The Constitution declares, that ‘full faith and credit shall be given in each State to the public acts, records, and judicial proceedings of every State. And the Congress may, by general laws, prescribe the manner in which such acts, records, and proceedings shall be proved, and the effect thereof.’ No other part of the Constitution bears on the subject.

The act of 26th May, 1790, provides the mode of authentication, and then declares, that ‘the said records and judicial proceedings, authenticated as aforesaid, shall have such faith and credit given to them in every court within the United States, as they have by law or usage in the courts of the State from whence the said records are or shall be taken.’

The legislation of Congress amounts to this,—that the judgment of another State shall be record evidence of the demand, and that the defendant, when sued on the judgment, cannot go behind it and controvert the contract, or other cause of action, on which the judgment is founded; that it is evidence of an established demand, which, standing alone, is conclusive between the parties to it.

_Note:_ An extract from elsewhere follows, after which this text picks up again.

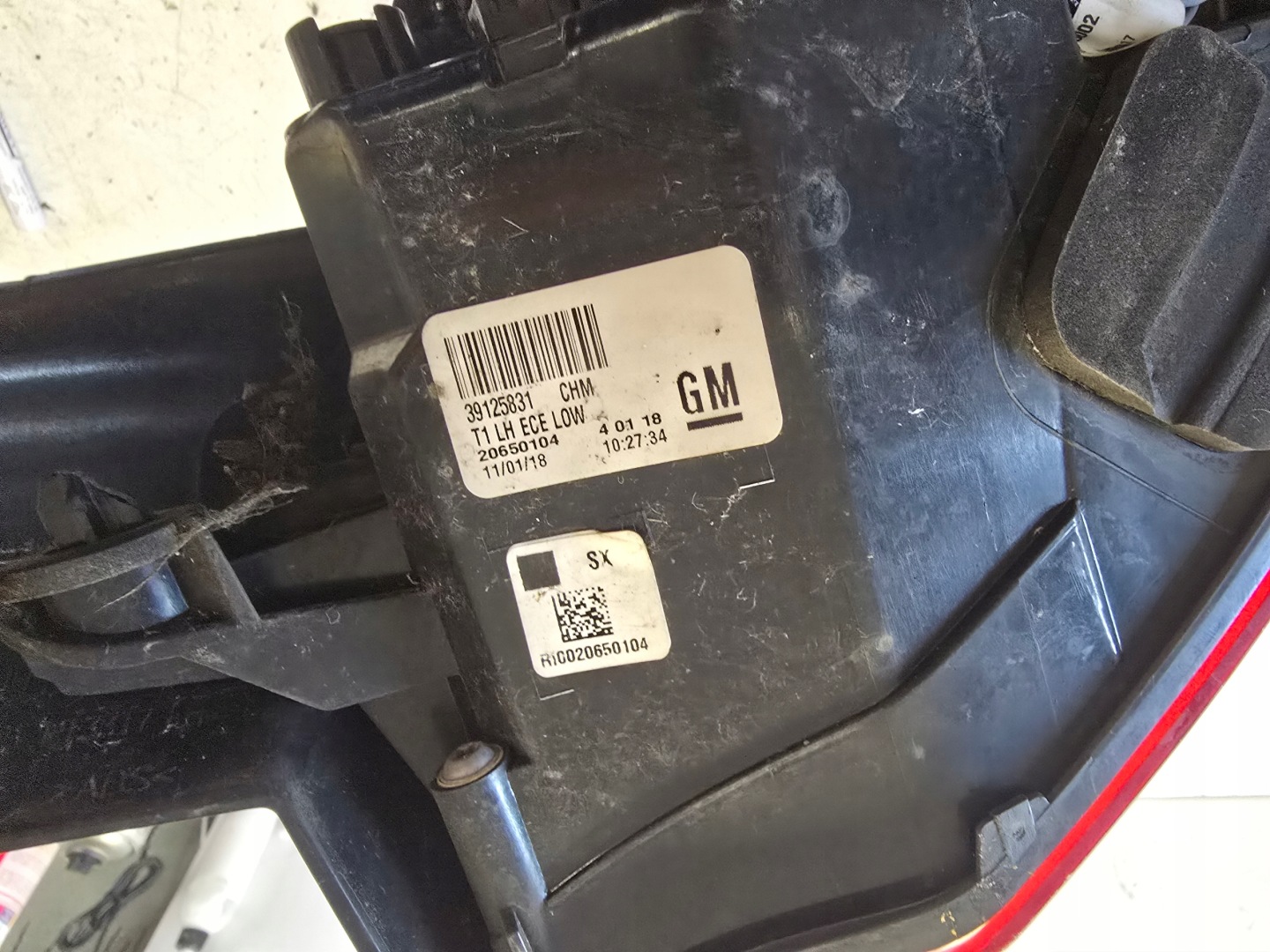 OPEL INSIGNIA B HB light W fender left rear part left rear 39125831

This is the whole extent to which Congress has gone. As to what further ‘effect’ Congress may give to judgments rendered in one State and sued on in another does not belong to this inquiry; we have to deal with the law as we find it, and not with the extent of power Congress may have to legislate further in this respect. That the legislation of Congress, so far as it has gone, does not prevent a State from passing acts of limitation to bar suits on judgments rendered in another State, is the settled doctrine of this court. It was established, on mature consideration, in the case of McElmoyle v. Cohen, 13 Peters, 312, and to the reasons given in support of this conclusion we refer.

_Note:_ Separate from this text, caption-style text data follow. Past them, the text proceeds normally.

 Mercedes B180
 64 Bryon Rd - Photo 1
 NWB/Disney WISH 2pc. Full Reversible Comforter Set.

But the argument here is, that the law of Mississippi carries with it an exception, for the palpable reason that neither party nor the cause of action was within the operation of the act for a single day before suit was brought.

1. The act itself makes no exception in favor of a party suing under the circumstances of these plaintiffs. So the Supreme Court of Mississippi held in the case of McClintock v. Rogers, 12 Smedes & Marsh. 702; and this is manifestly true on the face of the act.

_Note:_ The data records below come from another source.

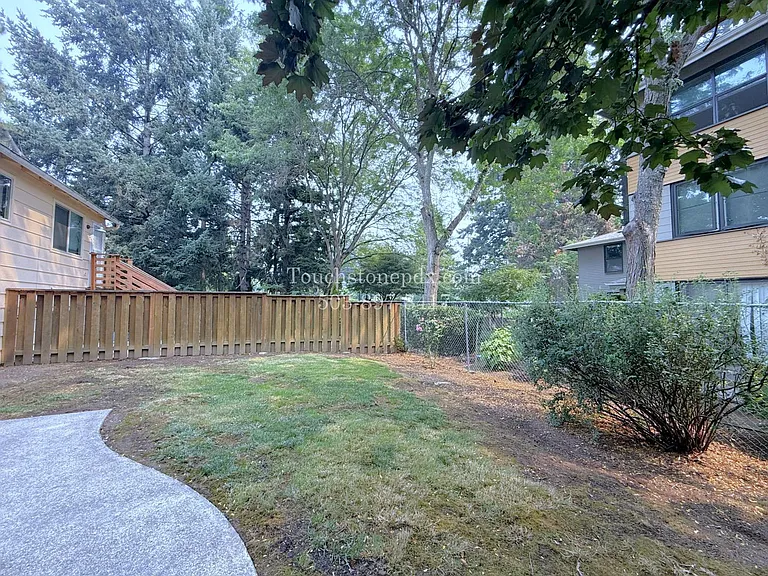 120 SE 176th Pl — Photo 30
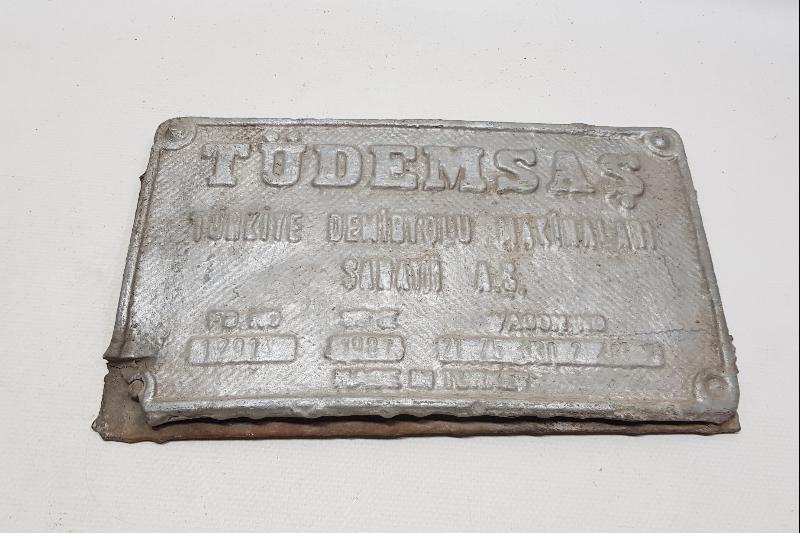 DEMİRYOLU TARİHİ: TÜDEMSAŞ TÜRKİYE DEMİRYOLU MAKİNALARI SANAYİ A.Ş. TABELASI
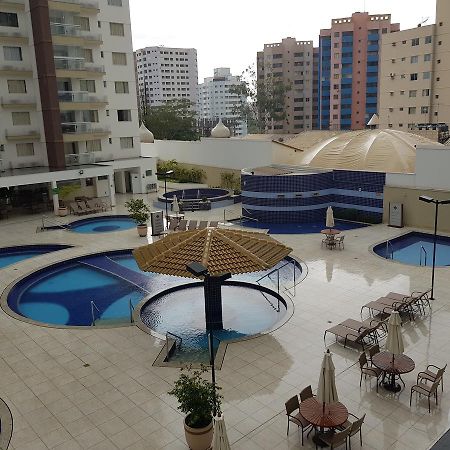 Ferienwohnung Residencial Casa Da Madeira Caldas Novas Exterior foto
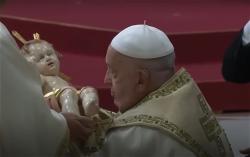 pope-1-kissing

2. The legislature having made no exception, the courts of justice can make none, as this would be legislating. In the language of this court in the case of McIver v. Ragan, 2 Wheat. 29, ‘Wherever the situation of the party was such as, in the opinion of the legislature, to furnish a motive for excepting him from the operation of the law, the legislature has made the exception, and it would be going far for this court to add to those exceptions.’ The rule is established beyond controversy. It was so held by the Supreme Court of New York in Troup v. Smith, 20 Johns. 33; and again in Callis v. Waddy, 2 Munf. 511, by the Court of Appeals of Virginia; and also in Hamilton v. Smith, 3 Murph. 115, by the Supreme Court of North Carolina; and in Cocke and Jack v. McGinnis, Mart. & Yerg. 361, in the Supreme Court of Tennessee. Nor are we aware that, at this time, the reverse is held in any State of this Union. It is the doctrine maintained in Stowell v. Zouch, found in Plowden’s Reports, and not departed from by the English courts, even in cases of civil war, when the courts of justice were closed and no suit could be brought.

1

In the first place, as the act of limitations of Mississippi has no exception that the plaintiff can set up, and as none can be implied by the courts of justice; and secondly, as the State law is not opposed to the Constitution of the United States or to the act of Congress of 1790, it is our duty to affirm the judgment.

2

The case of Dulles, Wilcox, and Welsh against Richard S. Jones (No. 108), being in all its features like the one next above, the judgment therein is also affirmed, for the reasons stated in the foregoing opinion.

Order.

3

This cause came on to be heard on the transcript of the record from the District Court of the United States for the Northern District of Mississippi, and was argued by counsel. On consideration whereof, it is now here ordered and adjudged by this court, that the judgment of the said District Court in this cause be, and the same is hereby, affirmed, with costs.